Pantau - Perserikatan Bangsa-Bangsa (PBB) melaporkan hampir 48.000 warga Palestina terpaksa mengungsi ke selatan dalam dua hari terakhir akibat intensifikasi serangan darat oleh militer Israel di Gaza City.
Data dari Kantor PBB untuk Koordinasi Urusan Kemanusiaan (OCHA) mencatat bahwa sejak pertengahan Agustus hingga 15 September 2025, telah terjadi lebih dari 190.000 pergerakan pengungsian di Jalur Gaza.
Pengungsi Berjalan Kaki hingga 9 Jam dalam Kondisi Ekstrem
Mayoritas pengungsi merupakan keluarga yang dipimpin oleh perempuan dan lansia, yang harus berjalan kaki hingga sembilan jam dalam kondisi panas ekstrem.

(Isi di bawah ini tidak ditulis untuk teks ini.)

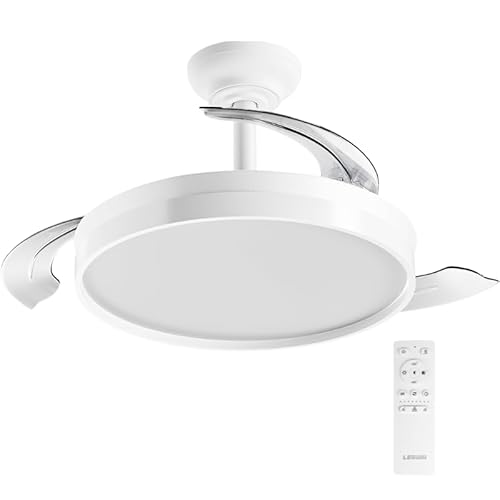 LEDUNI Ventilador con luz y mando a distancia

Sebagian besar pengungsi tidak mengenakan alas kaki dan membawa anak-anak yang terluka tanpa akses kendaraan atau bantuan medis langsung.
Permintaan tenda darurat meningkat tajam karena banyak warga tiba di wilayah selatan tanpa tempat tinggal.
OCHA mencatat lebih dari 1.500 orang, termasuk 900 anak-anak, telah menerima bantuan darurat seperti air bersih, perawatan medis, dan dukungan psikososial.
Namun, fasilitas kesehatan di Gaza mengalami tekanan berat.
Rumah Sakit Al-Quds Rusak, Pos Medis PBB Terbatas
Rumah Sakit Al-Quds di Gaza City mengalami kerusakan akibat pengeboman dan kini digunakan sebagai tempat penampungan sementara bagi para pengungsi.
Dari enam pos medis yang dioperasikan oleh PBB di Gaza City, hanya tiga yang masih berfungsi.
OCHA menyebut bahwa tekanan terhadap fasilitas medis menghambat penanganan luka, penyakit menular, dan kebutuhan dasar lainnya di tengah krisis kemanusiaan yang memburuk.
Perbatasan Ditutup, Bantuan Tertahan
Situasi makin genting setelah perlintasan perbatasan Zikim ditutup selama empat hari terakhir.
Penutupan ini membuat misi pengiriman bahan bakar dan obat-obatan dibatalkan karena alasan keamanan, kemacetan, dan maraknya penjarahan.
Konvoi bantuan kemanusiaan juga sering tertunda, mengakibatkan suplai tidak sampai kepada warga sipil yang paling membutuhkan.
PBB menyatakan bahwa distribusi bantuan di lapangan semakin sulit, namun tetap berkomitmen untuk menyalurkan bantuan penyelamat nyawa di seluruh Jalur Gaza.
Meski menghadapi risiko tinggi dan keterbatasan logistik, lembaga-lembaga kemanusiaan PBB menegaskan terus beroperasi untuk memberikan layanan kritis bagi warga sipil.